Scraped caption text data:
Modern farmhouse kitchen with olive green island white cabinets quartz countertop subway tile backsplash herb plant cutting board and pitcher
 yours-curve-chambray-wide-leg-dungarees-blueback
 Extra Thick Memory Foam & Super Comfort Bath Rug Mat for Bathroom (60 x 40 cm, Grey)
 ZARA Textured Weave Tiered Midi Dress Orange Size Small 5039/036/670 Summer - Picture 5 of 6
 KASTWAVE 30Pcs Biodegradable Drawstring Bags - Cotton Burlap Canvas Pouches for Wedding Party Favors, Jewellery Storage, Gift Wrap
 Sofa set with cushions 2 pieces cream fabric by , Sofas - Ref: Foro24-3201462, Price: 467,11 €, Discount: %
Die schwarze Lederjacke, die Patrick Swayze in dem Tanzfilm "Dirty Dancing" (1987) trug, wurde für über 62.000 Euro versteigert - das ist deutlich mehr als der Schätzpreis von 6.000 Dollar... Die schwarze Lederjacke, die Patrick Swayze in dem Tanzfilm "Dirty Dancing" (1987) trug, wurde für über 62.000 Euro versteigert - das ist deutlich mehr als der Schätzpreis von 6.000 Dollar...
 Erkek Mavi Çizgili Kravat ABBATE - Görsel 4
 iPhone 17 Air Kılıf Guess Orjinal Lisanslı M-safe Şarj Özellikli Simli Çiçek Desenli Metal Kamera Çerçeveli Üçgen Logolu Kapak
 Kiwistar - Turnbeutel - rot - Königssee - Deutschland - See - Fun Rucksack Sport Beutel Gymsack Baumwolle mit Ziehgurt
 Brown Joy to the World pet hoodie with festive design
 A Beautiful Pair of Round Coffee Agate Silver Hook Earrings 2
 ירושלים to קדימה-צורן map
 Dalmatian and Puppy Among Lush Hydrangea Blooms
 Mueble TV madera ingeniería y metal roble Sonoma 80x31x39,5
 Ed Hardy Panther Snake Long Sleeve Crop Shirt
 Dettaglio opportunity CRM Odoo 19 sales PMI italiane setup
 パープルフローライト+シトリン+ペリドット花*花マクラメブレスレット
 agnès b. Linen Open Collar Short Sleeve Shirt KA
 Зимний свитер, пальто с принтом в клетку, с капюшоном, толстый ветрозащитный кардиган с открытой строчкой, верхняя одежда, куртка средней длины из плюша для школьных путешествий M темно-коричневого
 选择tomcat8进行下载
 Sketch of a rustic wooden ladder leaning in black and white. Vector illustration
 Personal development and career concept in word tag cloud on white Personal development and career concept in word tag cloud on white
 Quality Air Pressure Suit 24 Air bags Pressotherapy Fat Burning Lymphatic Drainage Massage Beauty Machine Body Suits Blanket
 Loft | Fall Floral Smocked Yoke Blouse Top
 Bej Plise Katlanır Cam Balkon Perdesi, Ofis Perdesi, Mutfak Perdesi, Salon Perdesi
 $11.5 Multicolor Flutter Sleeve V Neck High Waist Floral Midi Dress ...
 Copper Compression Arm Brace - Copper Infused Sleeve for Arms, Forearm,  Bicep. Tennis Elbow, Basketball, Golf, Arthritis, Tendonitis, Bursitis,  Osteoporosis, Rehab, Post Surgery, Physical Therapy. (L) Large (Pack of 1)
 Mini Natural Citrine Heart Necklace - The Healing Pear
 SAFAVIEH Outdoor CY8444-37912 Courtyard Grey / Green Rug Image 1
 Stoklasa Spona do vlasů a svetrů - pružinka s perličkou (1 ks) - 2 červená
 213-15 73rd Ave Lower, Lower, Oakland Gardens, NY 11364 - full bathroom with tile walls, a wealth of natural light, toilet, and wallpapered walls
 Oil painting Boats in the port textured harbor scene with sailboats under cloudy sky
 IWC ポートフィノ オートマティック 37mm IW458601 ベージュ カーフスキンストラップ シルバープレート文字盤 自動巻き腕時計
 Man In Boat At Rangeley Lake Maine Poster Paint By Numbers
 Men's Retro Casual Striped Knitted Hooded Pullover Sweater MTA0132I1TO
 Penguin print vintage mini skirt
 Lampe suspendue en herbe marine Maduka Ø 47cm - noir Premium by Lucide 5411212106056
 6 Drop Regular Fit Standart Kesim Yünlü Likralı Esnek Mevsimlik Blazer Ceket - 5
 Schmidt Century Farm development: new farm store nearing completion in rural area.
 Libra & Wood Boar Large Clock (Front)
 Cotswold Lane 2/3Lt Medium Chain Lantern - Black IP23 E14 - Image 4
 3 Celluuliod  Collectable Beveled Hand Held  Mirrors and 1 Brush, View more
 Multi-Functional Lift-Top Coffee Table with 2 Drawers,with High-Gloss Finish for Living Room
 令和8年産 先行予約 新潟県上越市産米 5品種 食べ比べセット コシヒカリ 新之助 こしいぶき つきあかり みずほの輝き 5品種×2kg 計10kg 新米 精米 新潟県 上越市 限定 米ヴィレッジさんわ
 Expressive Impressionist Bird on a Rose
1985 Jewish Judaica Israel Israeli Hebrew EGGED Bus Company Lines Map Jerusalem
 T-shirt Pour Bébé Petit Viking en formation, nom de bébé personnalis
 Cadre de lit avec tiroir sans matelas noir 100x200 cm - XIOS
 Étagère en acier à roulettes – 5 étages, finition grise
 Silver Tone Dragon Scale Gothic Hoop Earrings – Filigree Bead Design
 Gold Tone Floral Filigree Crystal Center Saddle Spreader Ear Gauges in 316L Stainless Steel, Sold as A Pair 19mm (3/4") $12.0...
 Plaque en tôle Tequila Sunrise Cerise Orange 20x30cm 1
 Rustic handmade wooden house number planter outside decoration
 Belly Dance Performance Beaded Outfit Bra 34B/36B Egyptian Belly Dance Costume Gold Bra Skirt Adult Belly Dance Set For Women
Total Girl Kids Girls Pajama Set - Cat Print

- _Your goal_: Look above for the line with "agnès b. Linen" and the line with "Sketch of a". Retype those two lines and every line between them exactly, adding nothing.

- _Exercise result_:
 agnès b. Linen Open Collar Short Sleeve Shirt KA
 Зимний свитер, пальто с принтом в клетку, с капюшоном, толстый ветрозащитный кардиган с открытой строчкой, верхняя одежда, куртка средней длины из плюша для школьных путешествий M темно-коричневого
 选择tomcat8进行下载
 Sketch of a rustic wooden ladder leaning in black and white. Vector illustration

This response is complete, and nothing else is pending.